I think we need a more complete description of how this Order sheet is going to be used. With it be Tom AND Jerry ordering, along with Tom2, **bleep** and Harry, etc. or might you have on any given morning, enough orders so that there are several of the Order sheets filled out, and you want to be efficient with the Whole set of orders?


I'm assuming the latter, which really means a separate "Dashboard" that gives the instructions for how many full "growing trays" (I'm going to call them) you need to pull in order to fill the orders for the "selling trays"


So flesh out the work flow here, if you would. The formula per se is pretty easy; it's still a matter of clarifying what is at the front end.

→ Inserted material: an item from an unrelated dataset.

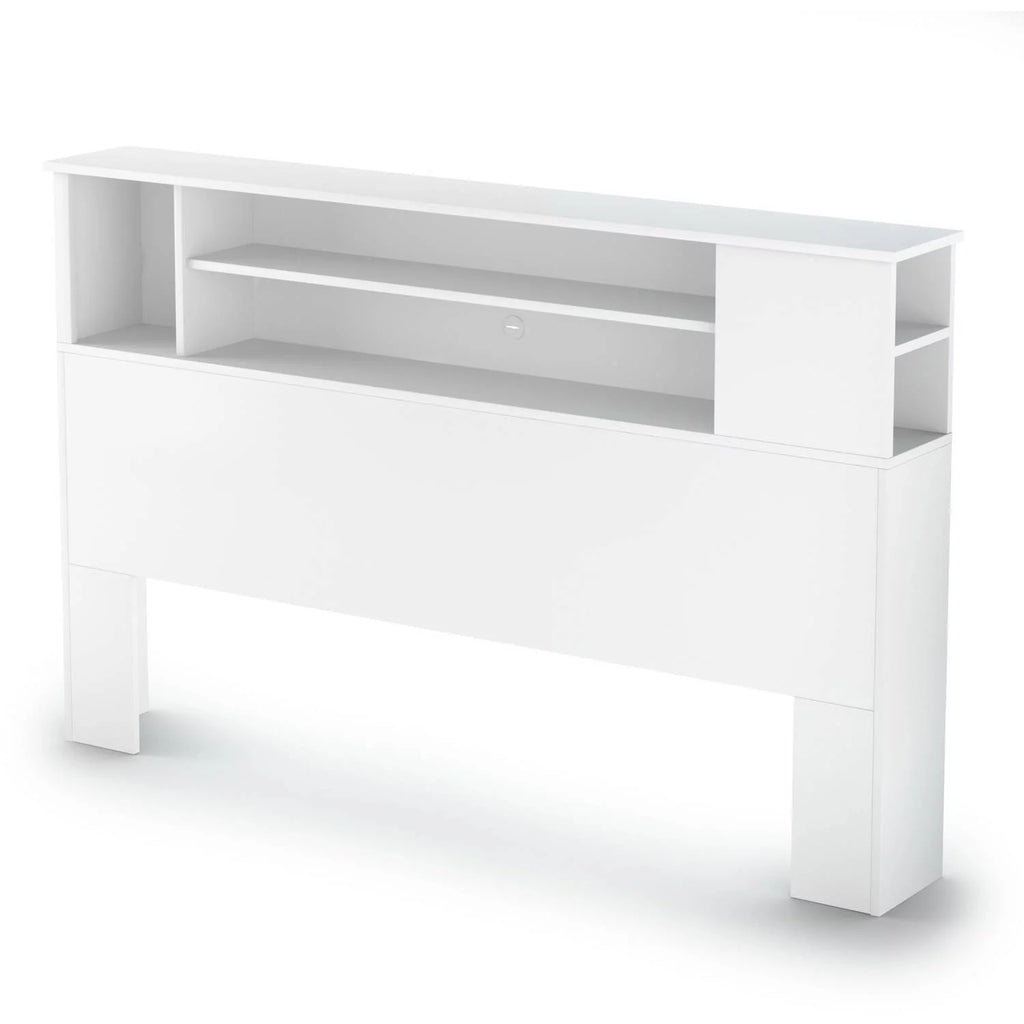 White Wood Full Queen Bookcase Headboard I89300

@mathetes So the plan once the formulas were figured out, I was going to add more columns downward for more capacity of orders. Then copy the whole chart down for a total of 52. Hence the “1” in the top left cell. The copied graph below will be “2”, then “3” and so on. This giving me the dates of each Monday of the year in the long cell at the top. As Mondays will be my harvest day.

In short meaning the order sheet being worked on is for just 1 of 52 weeks of the year.

As I’m creating this for a small business I’m just starting, each graph will not have to accommodate a mass of space for orders.

Hope this helps!
best response confirmed by coltenpratt (Occasional Contributor)



I hope you have the most recent version of Excel. I use the recently introduced function UNIQUE in this version. Use it twice, first to produce a summary of the dollars of each customer's order; second to produce a list of the products involved in all the orders, from that the total product quantity, and from that the total number of "growing trays" needed.


I added three columns (by the way, you have used the word "column" where the real word is "row" ...a vertical array of cells is a column, a horizontal array is a row)...I added three columns just to make clear the progression. I'm sure it'd be possible to consolidate all those into a single formula, but that kind of "behind the scenes magic" isn't clear to you, the user. This is therefore more maintainable by you.


Let me know if this works.


Perfect! Everything works great. I'm glad you were able to solve this as I would likely never have achieved it, as I'm sure you've noticed I'm quite new to using excel haha. As well as I noticed to calculate the total trays needed you use the LET function which never would have crossed my mind.

I thank you very much for taking the time to help me solve this.

Good, I'm glad it worked for you. It was fun to do.

I just went back and looked at that LET formula and realized in looking closer that it does nothing of value. This simpler formula does the exact same thing.




So switch it out.


LET is fun to use, but I got carried away. It only would have made sense had I needed the VLOOKUP to happen several times.